▶ [Your task]: Please restate the data that follows word for word, with the pictures left out.

▶ [Dataset extract]:
--

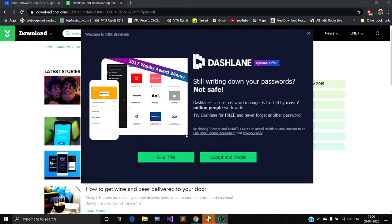Now click on install. Some advertisement is there, so skip that.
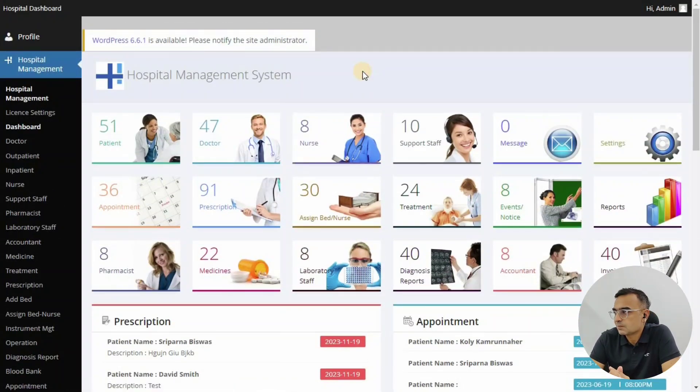You have all the operation user details and complete links of the system. It gives an overview of the entire system. Thanks for watching the video and do subscribe to our channel.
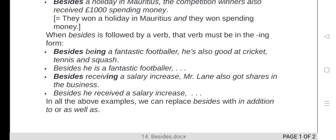When 'besides' is followed by a verb, please listen carefully — that verb must be in the -ing form. For example: 'Besides being a fantastic footballer' — notice 'being', which is verb plus -ing. 'He is also good at cricket, tennis, and squash.' In addition to being a fantastic footballer, he is also good at cricket, tennis, and squash.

--

▶ [Solution to the problem]:
Now click on install. Some advertisement is there, so skip that.
You have all the operation user details and complete links of the system. It gives an overview of the entire system. Thanks for watching the video and do subscribe to our channel.
When 'besides' is followed by a verb, please listen carefully — that verb must be in the -ing form. For example: 'Besides being a fantastic footballer' — notice 'being', which is verb plus -ing. 'He is also good at cricket, tennis, and squash.' In addition to being a fantastic footballer, he is also good at cricket, tennis, and squash.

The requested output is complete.